Others follow different paths, and meet strange adventures. There is a man now honored in a Western State whom I shall call Karl Ritter. His older brother emigrated from the Black Forest to Wisconsin, where, laboring and living frugally, he acquired a prairie farm. At the age of eight, Karl came over with his name stitched on a square of white cloth on his breast. Kindly men cared for him till on a dreary winter day he reached Black Earth.
When the day’s work was over the station agent drove him over the dull prairie to his brother’s place, and left him at the gate. He knocked, but getting no response, pushed desperately in. An old man and older woman, with sinister vicious faces, sitting there within the little farmhouse, told him his brother had gone on a journey. After a fortnight, beaten down with terrors, Karl ran away, and tramping up country, secured a place on a farm.
Arrived at manhood, and owner of a farm of his own, he was called one day to Black Earth, to learn that the man and woman he had met the day of his arrival had murdered his brother the day before and hidden the body in the cellar.

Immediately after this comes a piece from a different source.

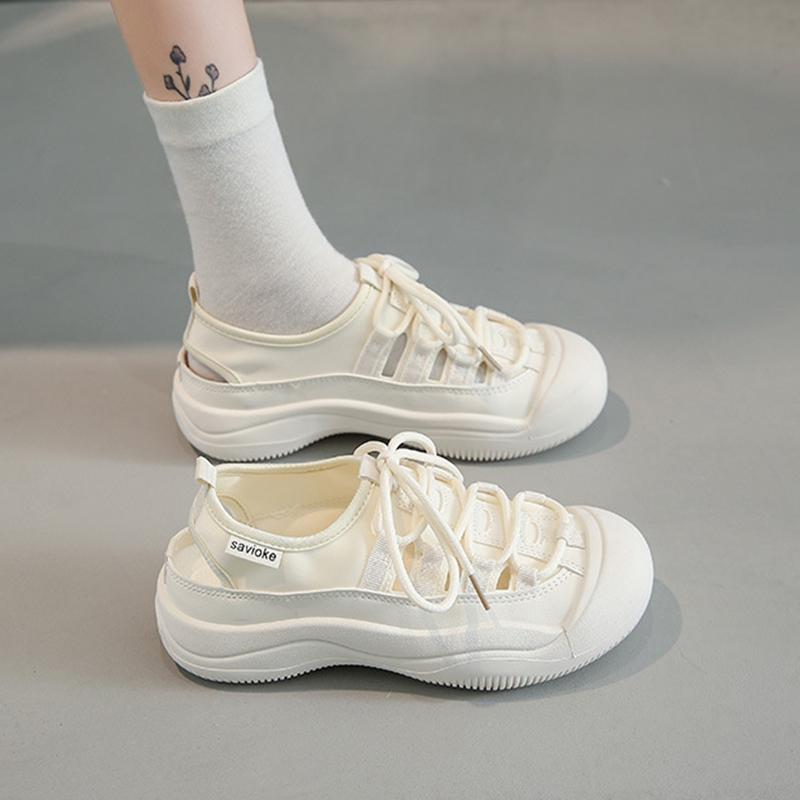 Sandales d'été pour femmes respirantes à semelles compensées Chaussures découpées décontractées Sandales pour femmes Mode et respirantes Chaussures de bonne qualité 35-40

I have heard another odd tale. Three Scandinavian immigrant boys were each left a sixty-acre prairie farm by their father. Mons was a fisherman—the more he thought the plainer he saw his duty. To Nils he said:
” If I give you my farm, will you support me so that I can fish ?”

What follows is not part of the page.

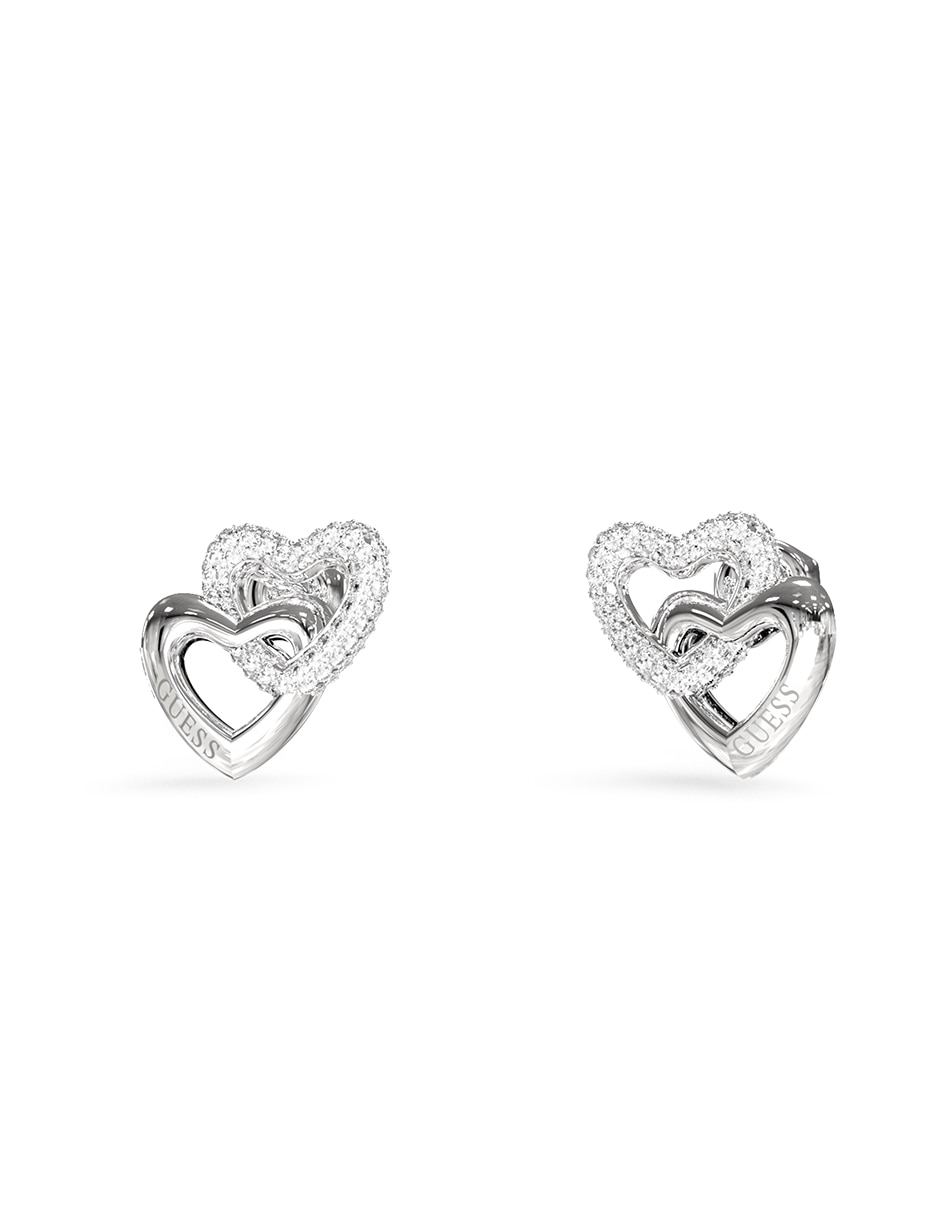 Aretes cortos de corazón Beloved con acabado pavé circonita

Now Nils’s 120 acres have increased to several thousand, and his stock is the finest in the country. Mons fishes all day in the lake, seldom catching anything, but content with his lot.

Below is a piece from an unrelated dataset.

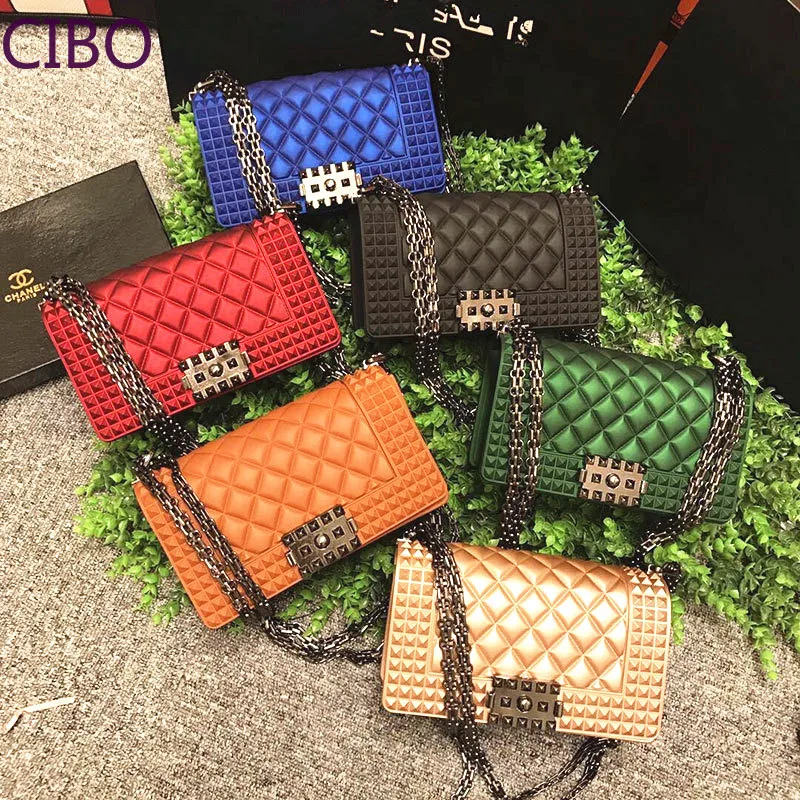 

Bag 2019 new Korean version small fragrant rivet jelly bag fashion one shoulder slant across gun color chain small square bag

The final destination of the hordes pouring in can be set down but roughly, though the objective point of all the new-comers is a part of their record. Of the 138,000 arrivals in May and June of this year the distribution of the largest streams flowing in from Ellis Island was as follows:—
New York City and State 59,786
New Jersey. 6,598
Of the Italians, not more than half come as permanent settlers. Of the 533, 245 immigrants from Italy in 1901, 281,688 according to their own declaration sought temporary employment with the intention of returning to their old homes. Of these temporary immigrants there were 20,221. They have shown no tendency to settle in “colonies,” but seek work wherever it may be had at tolerable wages.
They are unlike the Swedes, Danes and Finns, who usually go directly to Western lumber camps and farms. Even these, like many of the immigrants, retain their old home customs years after settling; and outward-bound ships in the spring are filled with two and three-year immigrants going home on visits. As soon as the coal strike had begun in Pennsylvania, thousands of the strikers went back to Europe.
Homesickness drives certain of the foreign-born residents of New York to the Battery Park sea wall in the spring. On sunny mornings the long rows of benches facing the sea are full of men and women with bright headdresses and gaily colored shawls, watching the ships come in. They chat animatedly and their manners are vivacious. Their talk is of home, of Tuscan hillsides, of the vineyards, of Cretan villages, and of the old Mediterranean cities.
At regular intervals, when the boat from Ellis Island brings its load of newly arrived immigrants to the Barge Office, there is a rush of the homesick ones to the edge of the sea wall. The peasants on the boat wave their hats or brilliant neckerchiefs, and sometimes there is a call of greeting from across the water. Those who sit on the benches do not go to the park for the clean, cool air, but to satisfy demands that are psychological.